Task details:
Here are some records; copy every line that holds the word "Used".

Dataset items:
----------

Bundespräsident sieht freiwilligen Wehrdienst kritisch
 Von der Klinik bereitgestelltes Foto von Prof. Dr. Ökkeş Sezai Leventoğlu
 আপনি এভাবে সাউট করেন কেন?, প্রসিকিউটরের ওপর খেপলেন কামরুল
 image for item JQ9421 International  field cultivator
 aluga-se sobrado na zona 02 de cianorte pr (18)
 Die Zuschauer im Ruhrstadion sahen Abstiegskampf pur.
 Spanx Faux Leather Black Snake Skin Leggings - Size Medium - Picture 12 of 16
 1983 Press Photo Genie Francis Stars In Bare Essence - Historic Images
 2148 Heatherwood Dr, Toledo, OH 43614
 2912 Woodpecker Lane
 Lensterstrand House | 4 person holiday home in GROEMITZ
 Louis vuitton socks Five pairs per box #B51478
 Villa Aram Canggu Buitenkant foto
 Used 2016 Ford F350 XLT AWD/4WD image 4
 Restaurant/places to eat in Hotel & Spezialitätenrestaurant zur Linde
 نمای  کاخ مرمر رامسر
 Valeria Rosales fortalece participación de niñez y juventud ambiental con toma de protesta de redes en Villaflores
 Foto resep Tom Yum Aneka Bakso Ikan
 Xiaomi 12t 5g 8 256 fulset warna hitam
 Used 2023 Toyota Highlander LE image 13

----------

Exercise answer:
 Used 2016 Ford F350 XLT AWD/4WD image 4
 Used 2023 Toyota Highlander LE image 13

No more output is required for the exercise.